Exercise input:
BEGIN

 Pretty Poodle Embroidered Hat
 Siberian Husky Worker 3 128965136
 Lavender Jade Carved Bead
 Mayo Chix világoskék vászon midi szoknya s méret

END
BEGIN

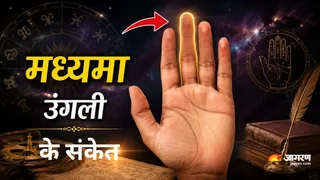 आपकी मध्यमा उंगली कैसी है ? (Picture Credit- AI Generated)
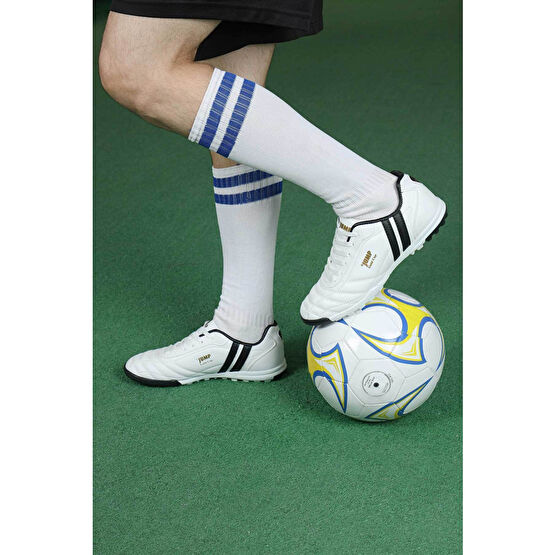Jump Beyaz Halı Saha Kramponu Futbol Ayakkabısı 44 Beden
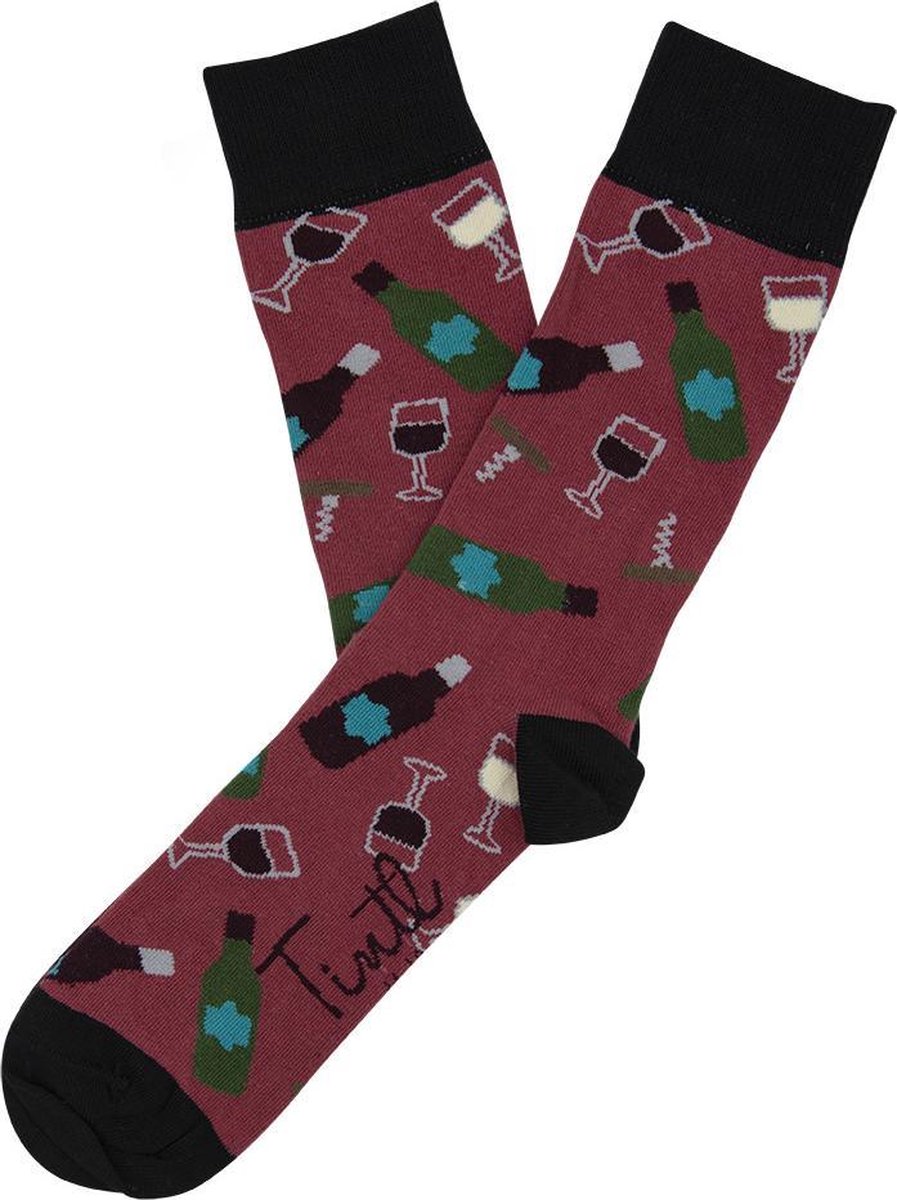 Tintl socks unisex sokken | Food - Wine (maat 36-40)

END
BEGIN

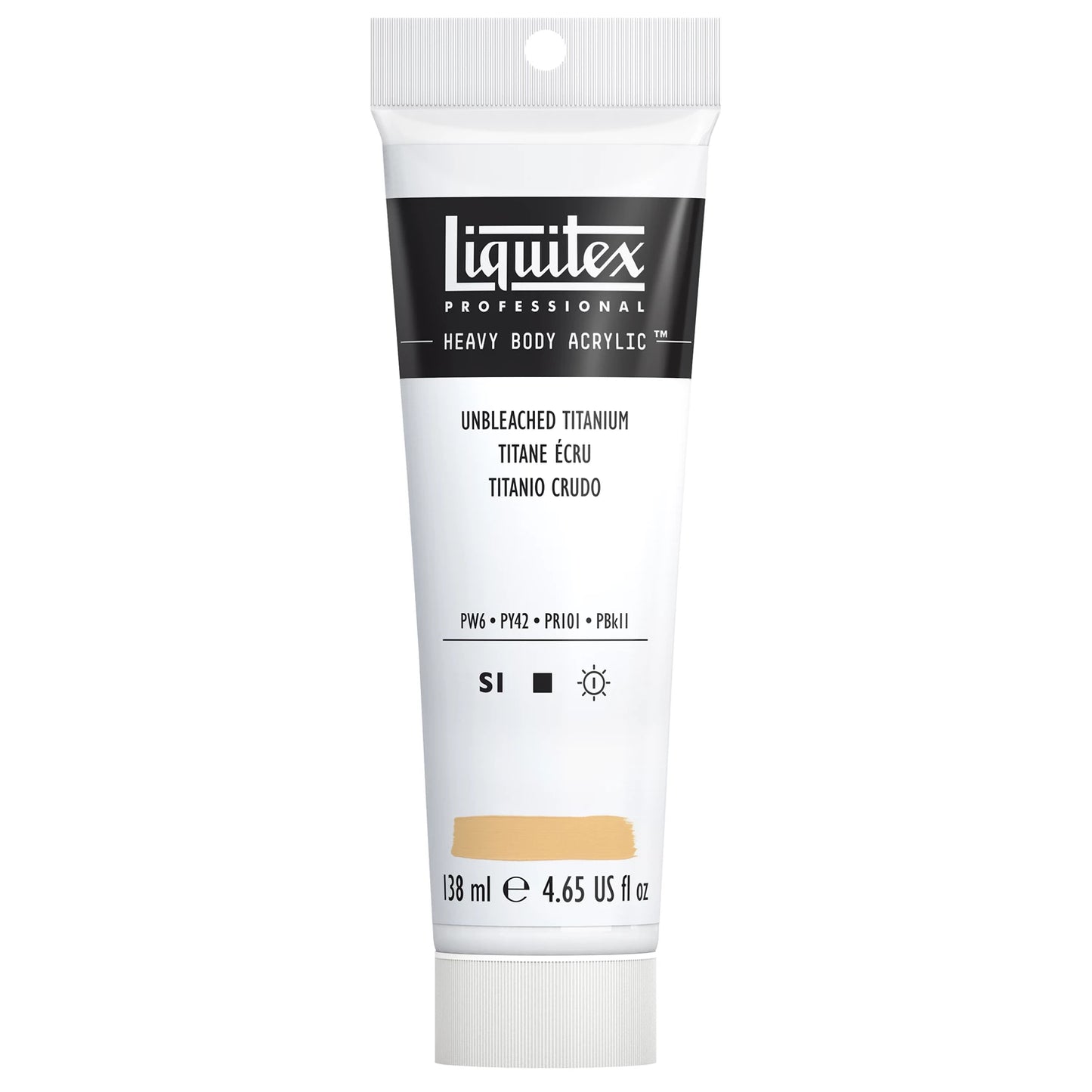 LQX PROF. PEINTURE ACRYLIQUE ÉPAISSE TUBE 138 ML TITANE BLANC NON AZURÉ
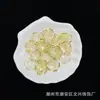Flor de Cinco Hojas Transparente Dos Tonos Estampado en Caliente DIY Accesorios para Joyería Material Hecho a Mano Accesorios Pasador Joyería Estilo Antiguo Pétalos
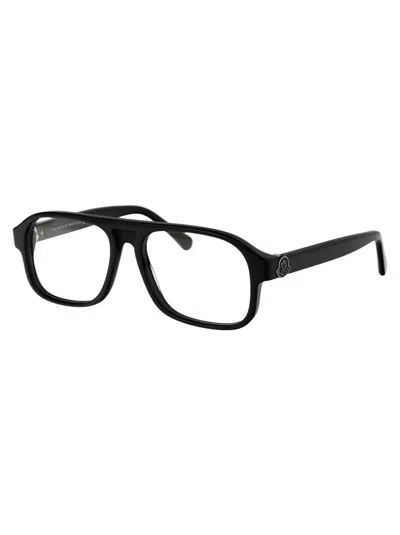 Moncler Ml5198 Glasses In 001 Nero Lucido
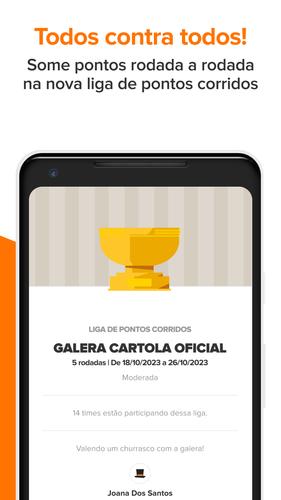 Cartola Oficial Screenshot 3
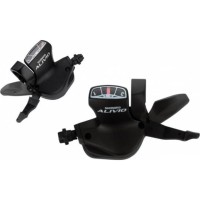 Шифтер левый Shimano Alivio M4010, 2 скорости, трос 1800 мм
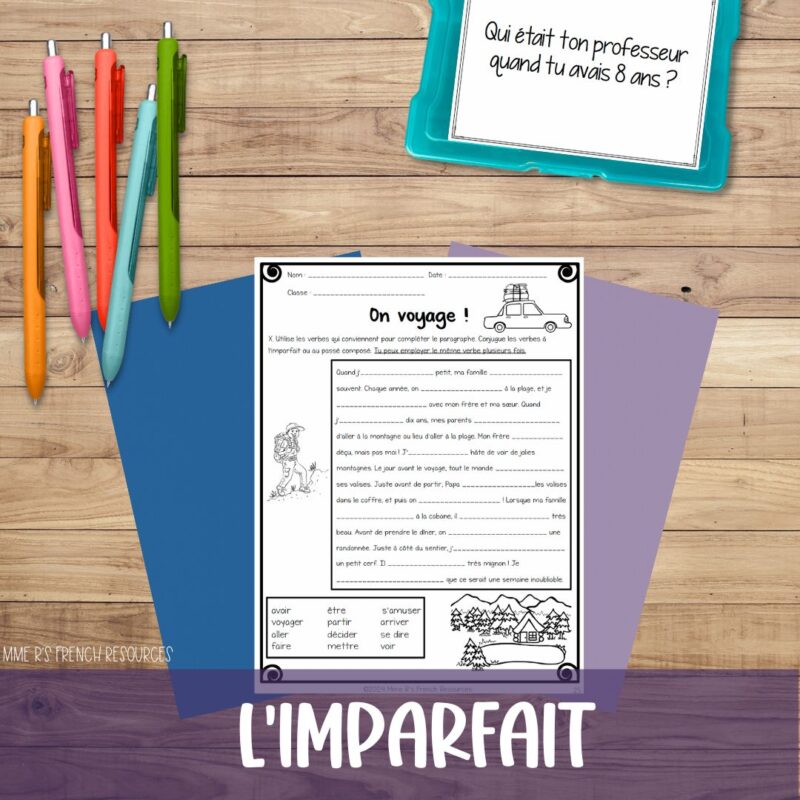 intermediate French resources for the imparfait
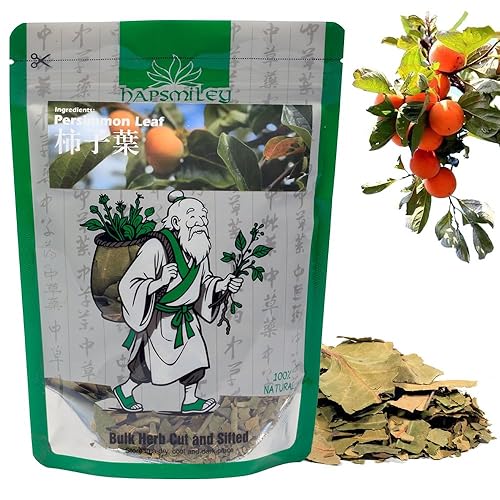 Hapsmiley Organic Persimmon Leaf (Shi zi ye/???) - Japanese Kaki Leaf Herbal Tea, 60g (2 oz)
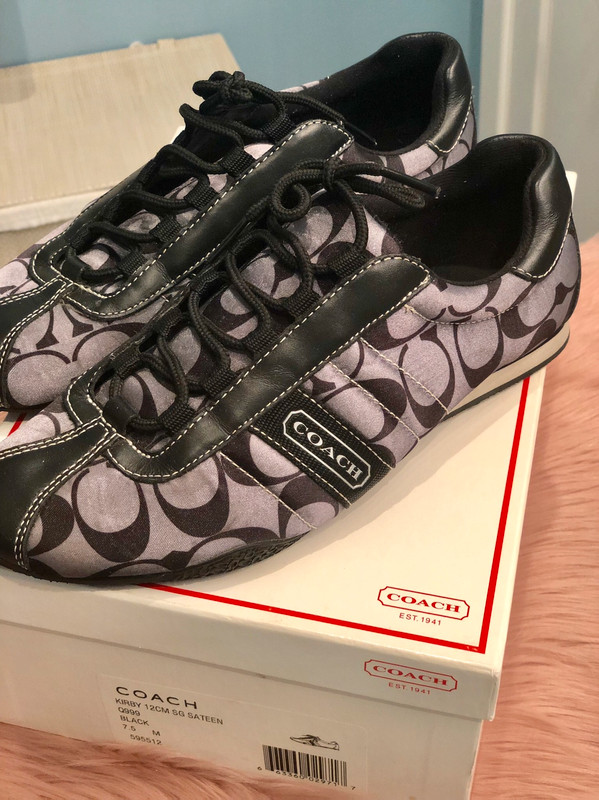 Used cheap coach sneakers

END

The task: Return only the part above that opens with the line containing "Cartola Oficial Screenshot 3" and closes with the line containing "Used cheap coach sneakers", exactly and with both ends, skipping the pictures.

Task result:
 Cartola Oficial Screenshot 3
 Шифтер левый Shimano Alivio M4010, 2 скорости, трос 1800 мм
 intermediate French resources for the imparfait
 Hapsmiley Organic Persimmon Leaf (Shi zi ye/???) - Japanese Kaki Leaf Herbal Tea, 60g (2 oz)
 Used cheap coach sneakers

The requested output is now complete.